━━━ THE DATA
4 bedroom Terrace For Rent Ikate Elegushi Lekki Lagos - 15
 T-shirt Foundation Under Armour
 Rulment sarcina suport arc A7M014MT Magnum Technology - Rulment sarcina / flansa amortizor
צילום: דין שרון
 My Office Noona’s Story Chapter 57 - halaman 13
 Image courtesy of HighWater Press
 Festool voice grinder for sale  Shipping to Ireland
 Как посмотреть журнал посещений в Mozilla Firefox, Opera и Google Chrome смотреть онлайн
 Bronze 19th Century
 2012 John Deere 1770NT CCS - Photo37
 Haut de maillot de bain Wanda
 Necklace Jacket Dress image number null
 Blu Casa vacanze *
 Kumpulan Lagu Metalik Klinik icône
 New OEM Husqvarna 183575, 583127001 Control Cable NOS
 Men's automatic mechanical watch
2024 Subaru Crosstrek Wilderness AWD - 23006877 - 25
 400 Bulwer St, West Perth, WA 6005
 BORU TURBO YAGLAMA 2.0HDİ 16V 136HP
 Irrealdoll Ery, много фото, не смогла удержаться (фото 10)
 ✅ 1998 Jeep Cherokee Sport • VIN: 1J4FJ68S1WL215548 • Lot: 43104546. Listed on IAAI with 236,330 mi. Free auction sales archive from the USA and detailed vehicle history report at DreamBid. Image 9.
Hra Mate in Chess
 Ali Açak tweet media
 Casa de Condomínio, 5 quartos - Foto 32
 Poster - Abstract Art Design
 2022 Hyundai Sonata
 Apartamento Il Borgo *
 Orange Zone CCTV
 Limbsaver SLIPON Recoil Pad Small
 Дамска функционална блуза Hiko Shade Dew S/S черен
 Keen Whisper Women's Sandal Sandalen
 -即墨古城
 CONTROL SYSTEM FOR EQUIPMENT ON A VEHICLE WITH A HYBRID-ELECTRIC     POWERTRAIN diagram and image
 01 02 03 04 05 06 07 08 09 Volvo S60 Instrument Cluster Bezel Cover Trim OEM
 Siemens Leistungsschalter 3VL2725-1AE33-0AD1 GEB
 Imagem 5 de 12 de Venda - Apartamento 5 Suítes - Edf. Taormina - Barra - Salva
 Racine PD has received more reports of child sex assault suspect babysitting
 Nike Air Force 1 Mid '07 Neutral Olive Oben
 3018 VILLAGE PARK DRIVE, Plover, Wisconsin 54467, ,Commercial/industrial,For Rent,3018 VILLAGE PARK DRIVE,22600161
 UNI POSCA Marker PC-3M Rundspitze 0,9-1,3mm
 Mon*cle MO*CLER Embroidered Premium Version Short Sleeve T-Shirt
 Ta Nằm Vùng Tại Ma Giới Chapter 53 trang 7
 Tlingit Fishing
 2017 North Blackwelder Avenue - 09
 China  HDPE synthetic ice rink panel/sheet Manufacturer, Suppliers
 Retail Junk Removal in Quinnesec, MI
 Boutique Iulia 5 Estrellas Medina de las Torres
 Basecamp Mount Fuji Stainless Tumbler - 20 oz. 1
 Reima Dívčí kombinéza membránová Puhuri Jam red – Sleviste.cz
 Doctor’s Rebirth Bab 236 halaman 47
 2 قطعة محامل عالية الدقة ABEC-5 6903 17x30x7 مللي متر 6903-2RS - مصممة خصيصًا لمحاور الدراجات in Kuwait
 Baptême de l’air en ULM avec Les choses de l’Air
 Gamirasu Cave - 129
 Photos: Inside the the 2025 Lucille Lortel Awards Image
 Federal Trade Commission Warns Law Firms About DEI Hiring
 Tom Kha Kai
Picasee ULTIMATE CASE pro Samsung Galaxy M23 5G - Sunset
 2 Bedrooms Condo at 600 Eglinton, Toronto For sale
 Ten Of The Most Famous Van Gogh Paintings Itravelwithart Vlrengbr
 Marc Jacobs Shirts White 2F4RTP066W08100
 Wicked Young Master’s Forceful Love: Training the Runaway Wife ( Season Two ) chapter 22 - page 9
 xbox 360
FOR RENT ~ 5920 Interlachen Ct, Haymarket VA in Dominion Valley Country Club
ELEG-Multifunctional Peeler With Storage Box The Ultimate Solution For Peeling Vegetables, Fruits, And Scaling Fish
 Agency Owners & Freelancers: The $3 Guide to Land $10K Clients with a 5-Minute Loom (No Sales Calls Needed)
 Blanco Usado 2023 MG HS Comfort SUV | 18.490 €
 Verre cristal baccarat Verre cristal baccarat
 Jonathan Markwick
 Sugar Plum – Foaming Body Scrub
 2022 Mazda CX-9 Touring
━━━━━━
| GOAL OF THE EXERCISE |
Repeat, word for word, the lines above between the line holding "Imagem 5 de" and the line holding "Picasee ULTIMATE CASE", inclusive; omit everything else.

| ANSWER TO THE EXERCISE |
 Imagem 5 de 12 de Venda - Apartamento 5 Suítes - Edf. Taormina - Barra - Salva
 Racine PD has received more reports of child sex assault suspect babysitting
 Nike Air Force 1 Mid '07 Neutral Olive Oben
 3018 VILLAGE PARK DRIVE, Plover, Wisconsin 54467, ,Commercial/industrial,For Rent,3018 VILLAGE PARK DRIVE,22600161
 UNI POSCA Marker PC-3M Rundspitze 0,9-1,3mm
 Mon*cle MO*CLER Embroidered Premium Version Short Sleeve T-Shirt
 Ta Nằm Vùng Tại Ma Giới Chapter 53 trang 7
 Tlingit Fishing
 2017 North Blackwelder Avenue - 09
 China  HDPE synthetic ice rink panel/sheet Manufacturer, Suppliers
 Retail Junk Removal in Quinnesec, MI
 Boutique Iulia 5 Estrellas Medina de las Torres
 Basecamp Mount Fuji Stainless Tumbler - 20 oz. 1
 Reima Dívčí kombinéza membránová Puhuri Jam red – Sleviste.cz
 Doctor’s Rebirth Bab 236 halaman 47
 2 قطعة محامل عالية الدقة ABEC-5 6903 17x30x7 مللي متر 6903-2RS - مصممة خصيصًا لمحاور الدراجات in Kuwait
 Baptême de l’air en ULM avec Les choses de l’Air
 Gamirasu Cave - 129
 Photos: Inside the the 2025 Lucille Lortel Awards Image
 Federal Trade Commission Warns Law Firms About DEI Hiring
 Tom Kha Kai
Picasee ULTIMATE CASE pro Samsung Galaxy M23 5G - Sunset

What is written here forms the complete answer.